The exhibition title is taken from the first novel in Ursula K. Leguin’s Earthsea series, “A Wizard of Earthsea.” Early in the book, a young apprentice is advised by his mentor that the “...power of changing and of summoning can shake the balance of the world. It is dangerous, that power. It is most perilous. It must follow knowledge, and serve need. To light a candle is to cast a shadow..." The power of change and the symbolic shorthand of change, delta (∆), are motifs frequently used by Mohundro to describe the potential (or lack thereof) of a work of art to affect perspective, power and the material world.

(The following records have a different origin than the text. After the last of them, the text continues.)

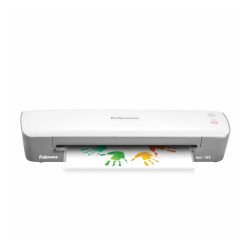 Laminálógép A3, 80-125 mikron Fellowes® Ion Irodatechnika, kellékei Fellowes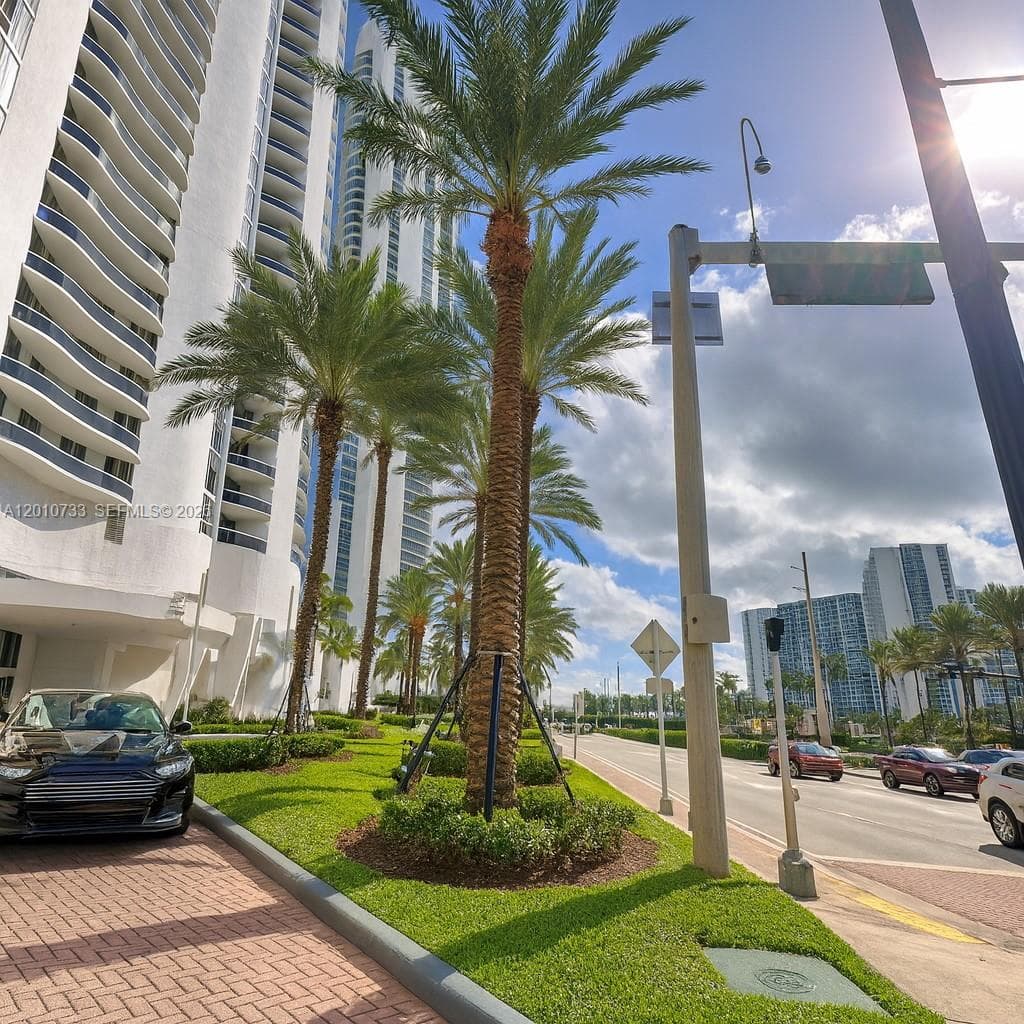 15901 Collins Ave # 1203, Sunny Isles Beach FL 33160 — 28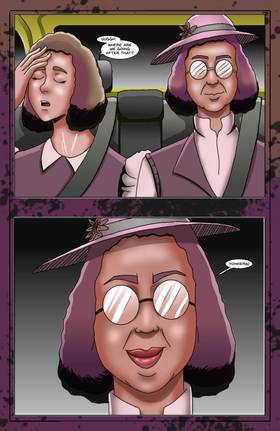 Read Neighborly Detective Co.  2 Page 4 in English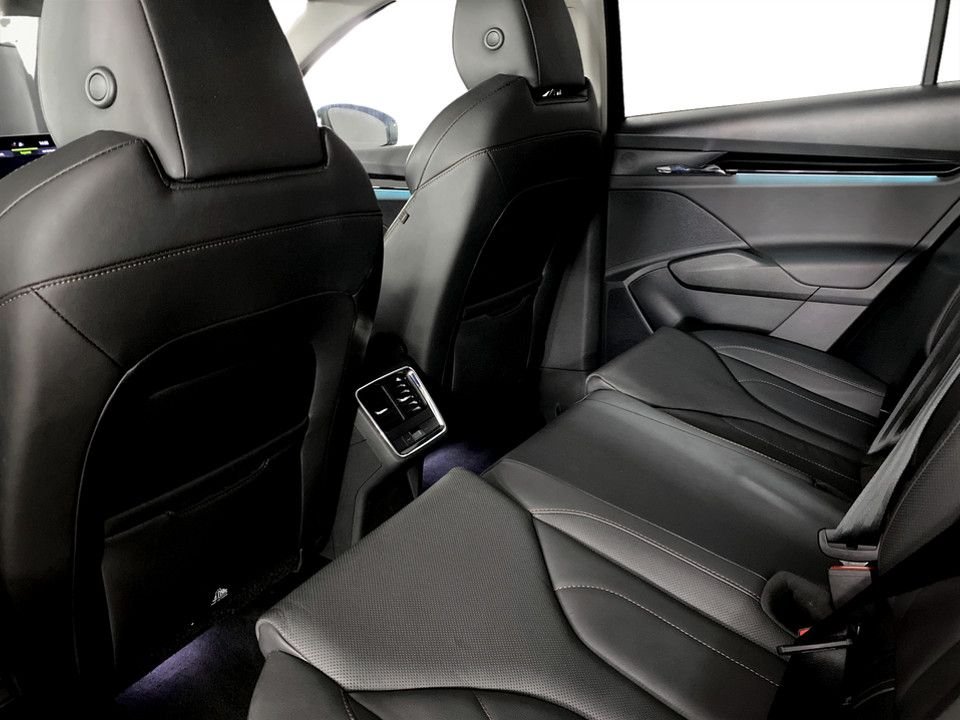 Used Skoda Enyaq 2022 for sale - 78128841: Photo 20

In his work, Mohundro searches for the fulcrum between humor and gravity, play and display. For the opening and select gallery hours, the artist sets out a carefully soldered stained glass box containing takeaway gifts—votive candles cast from the same mixture of Speed Stick® deodorant, gelatin and glycerin. Viewers are invited to open the box and leave with a candle. The candles appear to be traditional and rigid but, when handled, are floppy, smelly, and sticky. To take one away you must peel it from the group, eliciting the sensation of skin sticking together in the humidity of a New York summer. In a non-art context, these votive candles might function as gag gifts, like vending-machine ‘sticky hands.’ Within an art-world context, however, the viewer is made participant when presented with the choice to take an offering. Though the candle can no longer cast light, the changed object illuminates new possibilities as a transformed, supple work of art.

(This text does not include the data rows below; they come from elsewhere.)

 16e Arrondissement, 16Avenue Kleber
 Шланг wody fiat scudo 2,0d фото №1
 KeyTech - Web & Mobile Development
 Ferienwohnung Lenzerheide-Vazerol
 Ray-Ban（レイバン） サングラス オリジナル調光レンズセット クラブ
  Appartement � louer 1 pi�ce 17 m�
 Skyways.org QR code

¹ Jung, C. G., & Shamdasani, S., The Red Book: Liber Novus, trans. by M. Kyburz & J. Peck, Trans.) (W.W. Norton & Co. New York • London, 2009), p.136.
² https://www.speedstick.com/en-us
³ Typically, a ratio of 2:2:1 parts glycerin, gelatin, and distilled water.
Patrick Carlin Mohundro lives and works in New York. He is from Michigan’s Upper Peninsula and holds an MFA from Hunter College (2019). Patrick is the recipient of NYFA and Foundation for Contemporary Arts Emergency grants and has received awards from Lower Manhattan Cultural Council (NY, 2011), Salem Art Works (NY, 2012), St. Nicks Alliance’s Arts@Renaissance (NY, 2013), Incheon Art Platform (Seoul, 2014), the Founding Fellowship at Offshore Residency (ME, 2016), famous chimps’ artist-in-residence program (Ridgewood, 2019), Carrizozo Arts (NM, 2021), and A-Z West Artist (CA, 2021). He has had solo exhibitions with Lonesome Dove (NY, 2023) and Collar Works (NY, 2013) and recently exhibited at the Finnish Cultural Institute (NY, 2023), International Objects (NY, 2023), Parent Company (NY, 2023), Walter’s (NY, 2023) and O’Flaherty’s (NY, 2022).